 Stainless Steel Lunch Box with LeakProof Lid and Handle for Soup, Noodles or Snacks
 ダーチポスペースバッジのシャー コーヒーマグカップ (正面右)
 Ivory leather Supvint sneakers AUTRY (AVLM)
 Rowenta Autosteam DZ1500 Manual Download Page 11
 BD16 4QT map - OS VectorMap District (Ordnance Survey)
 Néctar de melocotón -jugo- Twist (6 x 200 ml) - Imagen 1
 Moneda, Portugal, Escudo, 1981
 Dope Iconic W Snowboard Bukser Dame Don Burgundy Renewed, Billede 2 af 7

━━━━━━━━━━━━━━━━

Your task is to transcribe all of the entries word for word.

**Response to this exercise**
 Stainless Steel Lunch Box with LeakProof Lid and Handle for Soup, Noodles or Snacks
 ダーチポスペースバッジのシャー コーヒーマグカップ (正面右)
 Ivory leather Supvint sneakers AUTRY (AVLM)
 Rowenta Autosteam DZ1500 Manual Download Page 11
 BD16 4QT map - OS VectorMap District (Ordnance Survey)
 Néctar de melocotón -jugo- Twist (6 x 200 ml) - Imagen 1
 Moneda, Portugal, Escudo, 1981
 Dope Iconic W Snowboard Bukser Dame Don Burgundy Renewed, Billede 2 af 7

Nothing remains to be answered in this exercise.